Skip pictures in the listing below; copy exactly the lines from the one with "Lindy 48031 cable" through the one with "أعمال جديدة لمستوى AS و A", inclusive.

-- Opening Marker --

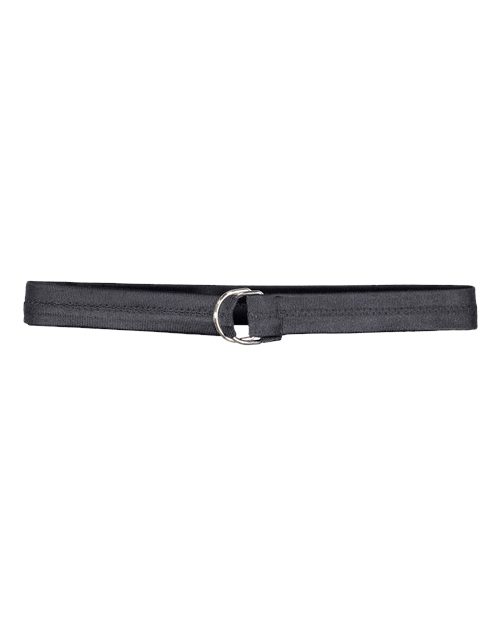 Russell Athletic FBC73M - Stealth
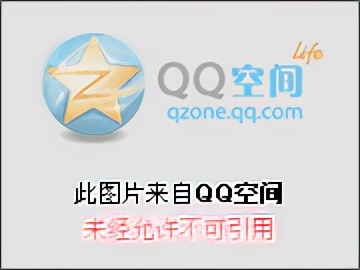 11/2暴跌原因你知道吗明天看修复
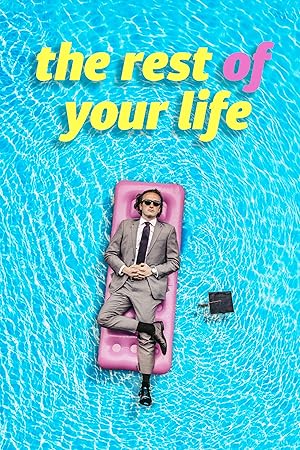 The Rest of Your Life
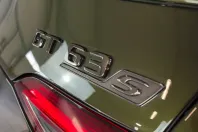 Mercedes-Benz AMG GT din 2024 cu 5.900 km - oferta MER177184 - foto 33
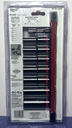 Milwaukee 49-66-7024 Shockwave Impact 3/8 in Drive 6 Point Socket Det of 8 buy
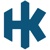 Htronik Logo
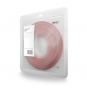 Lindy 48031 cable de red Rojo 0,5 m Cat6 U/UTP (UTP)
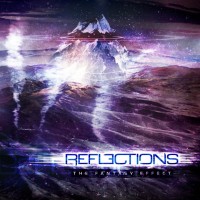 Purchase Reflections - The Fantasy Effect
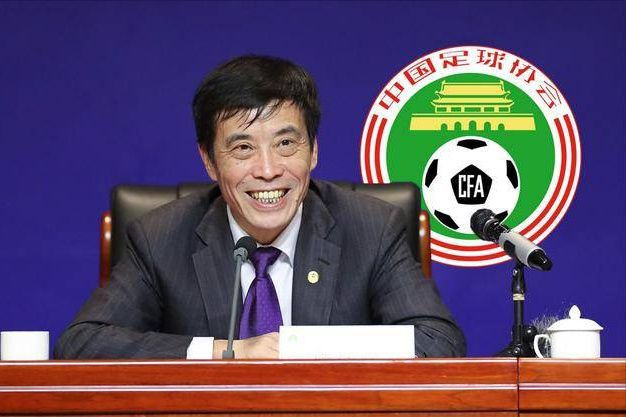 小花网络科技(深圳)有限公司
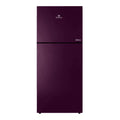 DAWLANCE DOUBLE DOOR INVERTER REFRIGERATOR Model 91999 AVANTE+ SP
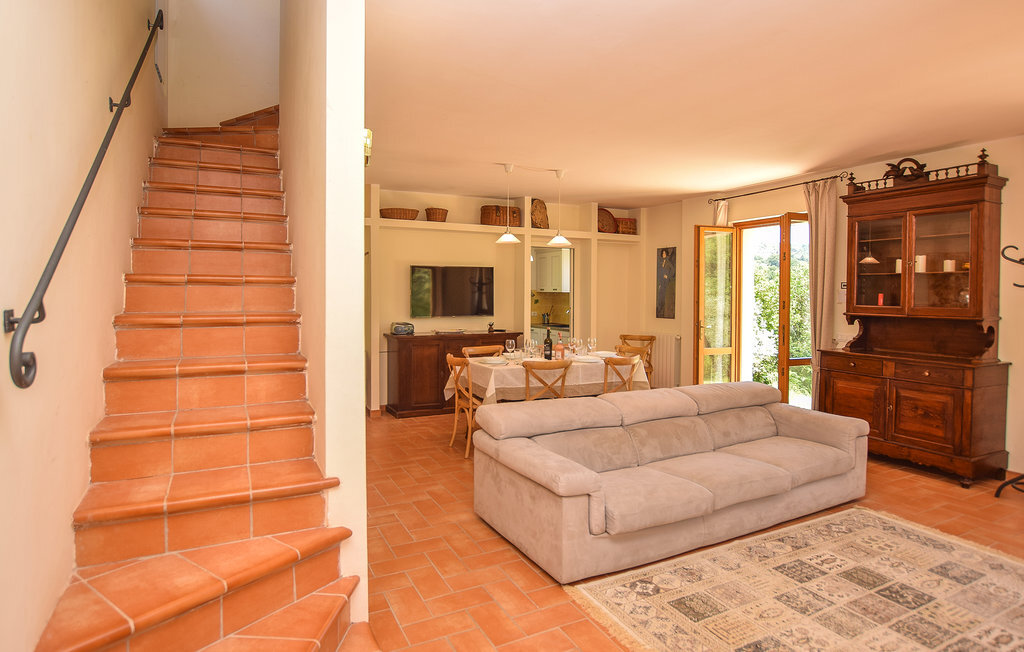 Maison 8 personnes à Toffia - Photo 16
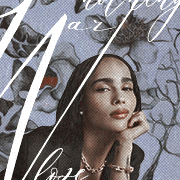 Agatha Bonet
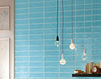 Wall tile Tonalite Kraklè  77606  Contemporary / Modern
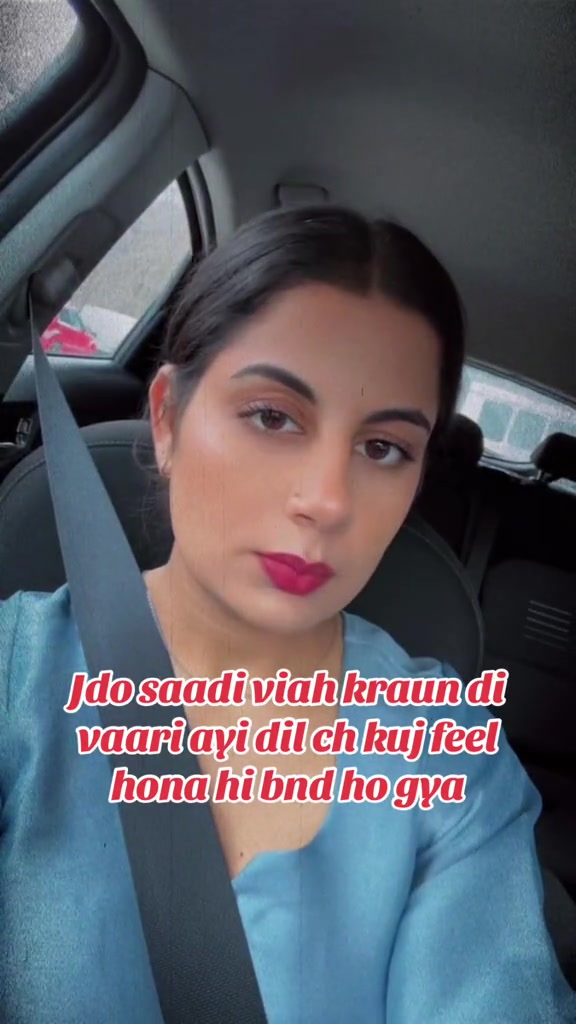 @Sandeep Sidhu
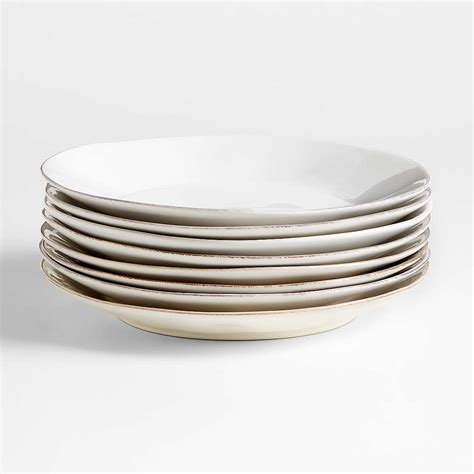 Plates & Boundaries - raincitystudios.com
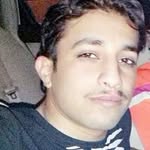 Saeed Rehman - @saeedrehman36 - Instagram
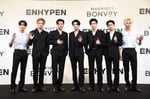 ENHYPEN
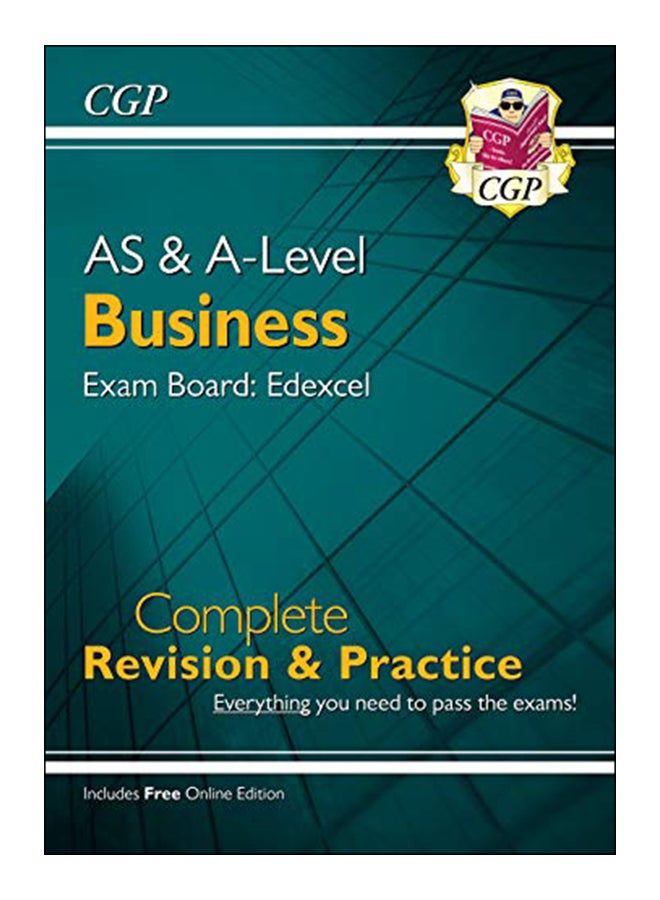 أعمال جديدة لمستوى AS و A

-- Closing Marker --
-- Opening Marker --

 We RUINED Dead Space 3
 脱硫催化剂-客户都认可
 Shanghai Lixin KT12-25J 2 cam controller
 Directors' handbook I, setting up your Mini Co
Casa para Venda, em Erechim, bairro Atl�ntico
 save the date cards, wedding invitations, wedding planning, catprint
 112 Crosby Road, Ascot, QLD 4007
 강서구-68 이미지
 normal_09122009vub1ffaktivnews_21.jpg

-- Closing Marker --

== Result for this exercise ==
 Lindy 48031 cable de red Rojo 0,5 m Cat6 U/UTP (UTP)
 Purchase Reflections - The Fantasy Effect
 小花网络科技(深圳)有限公司
 DAWLANCE DOUBLE DOOR INVERTER REFRIGERATOR Model 91999 AVANTE+ SP
 Maison 8 personnes à Toffia - Photo 16
 Agatha Bonet
 Wall tile Tonalite Kraklè  77606  Contemporary / Modern
 @Sandeep Sidhu
 Plates & Boundaries - raincitystudios.com
 Saeed Rehman - @saeedrehman36 - Instagram
 ENHYPEN
 أعمال جديدة لمستوى AS و A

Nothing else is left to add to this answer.